Seulement, si la réalité économique devait se montrer nue aux yeux de toutes et tous, alors la fameuse lutte des classes se déchainerait ouvertement. Il n’en est rien car depuis que la société de classe existe, l’idéologie des classes dirigeantes masque les rapports sociaux et d’exploitation en entendant persuader les masses du bien fondé du système. À toute époque depuis les débuts de la civilisation, cette idéologie des classes dirigeantes, de même qu’elle traduit une réalité historique, justifie leur domination. En 2024, alors que la Guerre Froide est loin derrière nous mais que les contradictions du capitalisme sont chaque jour plus criantes, nous assistons à une nouvelle polarisation entre libéralisme et nationalisme en France.

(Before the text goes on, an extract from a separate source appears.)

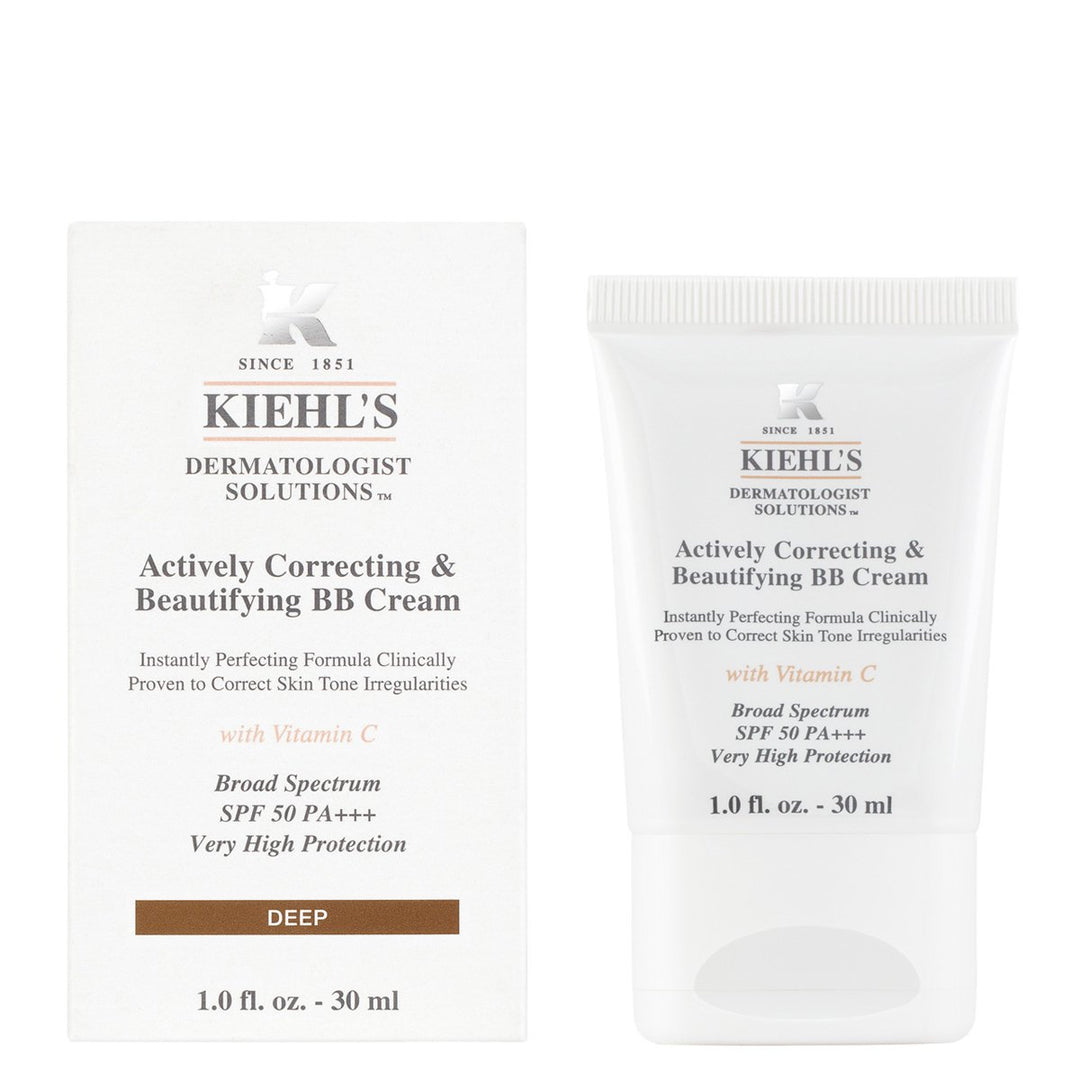 Actively Correcting & Beautifying BB Cream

Ainsi les idées dispensées par les différents vecteurs idéologiques formatent deux profils réflexifs : le libéral et le patriote réactionnaire. BFM TV contre Cnews, Squeezie contre Tibo Inshape, Emmanuel Macron contre Le Pen, voici les deux extrémités d’un spectre politique imposé par la bourgeoisie s’accomplissant progressivement et dont les racines plongent dans l’histoire récente. Ces deux segments idéologiques dominants ont évidemment un impact fort sur les esprits. Ils configurent ou influencent qu’on le veuille ou non la grille d’analyse de la population française. Même si l’on se trouve en dehors de ces deux pôles9, nous sommes forcément influencés par le climat ambiant. Si je reviens à l’échelle de l’individu, nous avons de grandes chances que des éléments tels que la recherche de la réussite, la satisfaction individuelle ou encore la xénophobie soient présentes dans l’esprit de notre sujet. Ce sont les idées de son temps. Mais après avoir dressé un portrait peu flatteur de l’origine de l’idéologie dominante, peut-on affirmer que les grandes idées du moment sont en faveur des masses populaires ?
Pour un marxiste, la réponse à toutes ces interrogations est la suivante : les idées dominantes sont les idées des classes dominantes et sont donc en contradiction avec les intérêts des classes dominées, exploitées. En effet, les capitalistes français demandent d’un côté des sacrifices aux prolétaires pour de l’autre pouvoir mieux préserver ou engranger des profits. Ainsi va la vie sous le règne du capital.
Je tiens à souligner ici que nous venons de faire une avancée sensible dans notre réflexion : les masses, émettrices et réceptrices d’informations, sous le prisme de grilles d’analyses aux facteurs multiples, sont finalement victimes d’idées qui les desservent. Voilà qui est intéressant.
L’idéologie dominante mystifie les rapports sociaux et économiques de la société. C’est pour cette raison que j’évoquais plus tôt le fait que la réalité économique, aussi violente et difficile soit-elle, n’apparaît pas pour ce qu’elle est réellement. C’est d’ailleurs aussi pour cette raison que bon nombre de prolétaires vont défendre corps et âmes un système qui les réduit à la misère, les aliène et les vide littéralement de leurs forces vitales10.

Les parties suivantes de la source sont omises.